Wrapper around a Git repository.

This class is the main entry point for mining repositories with diffhouse. When used in a with statement, it creates a non-persistent clone of the target repository from which data can be extracted.

Examples:

with Repo('https://github.com/user/repo') as r:
    for c in r.commits:
        print(c.commit_hash[:10], c.date, c.author_email)

    if len(r.branches.to_list()) > 100:
        print('🎉')

    df = r.diffs.to_pandas()

__init__

__init__(source: str, blobs: bool = True)

Initialize the repository.

Parameters:

Name Type Description Default
source str

URL or local path pointing to a Git repository.

required
blobs bool

Whether to download file contents.

True

commits

commits: Extractor[Commit]

Commit history of the repository.

Holds one record per commit.

filemods

filemods: Extractor[FileMod]

File modifications across the commit history.

Holds one record per modified file per commit.
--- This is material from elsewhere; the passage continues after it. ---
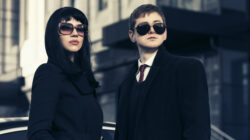 Young fashion business couple against office building
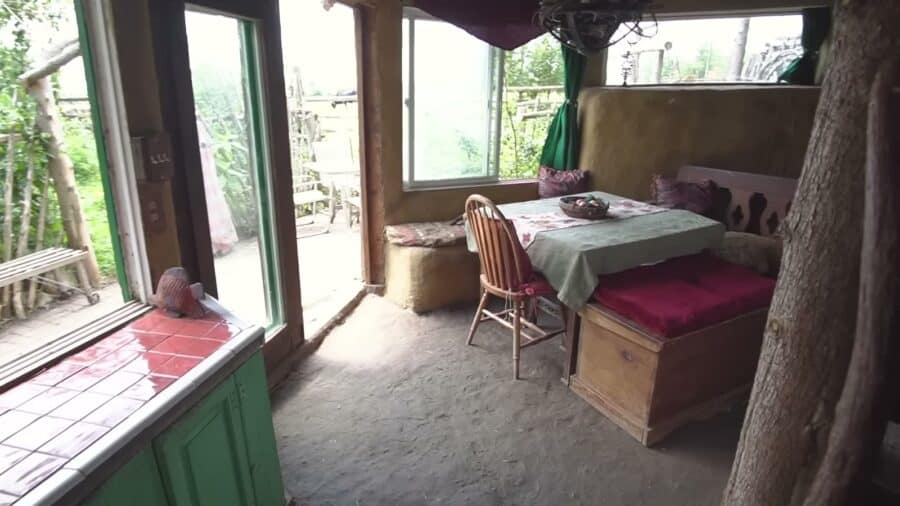 Dining room with earthen floor and salvaged windows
Note that this property is unavailable if blobs=False.

diffs

diffs: Extractor[Diff]

Source code changes across the commit history.

Holds one record per code chunk per file per commit. Note that this property is unavailable if blobs=False.

branches

branches: Extractor[Branch]

Branches of the repository.

tags

tags: Extractor[Tag]

Tag names of the repository.

source

source: str

Location where the repository was cloned from.

Can either be a remote URL or a local file URI based on the original input.

clone

clone() -> Repo

Set up a temporary clone of the repository.

This method is an alternative to with statements. Call dispose() to free up resources when done.

Returns:

Type Description
Repo

self

dispose

dispose() -> None

Free up resources associated with the object.

Only needed when clone() is used directly.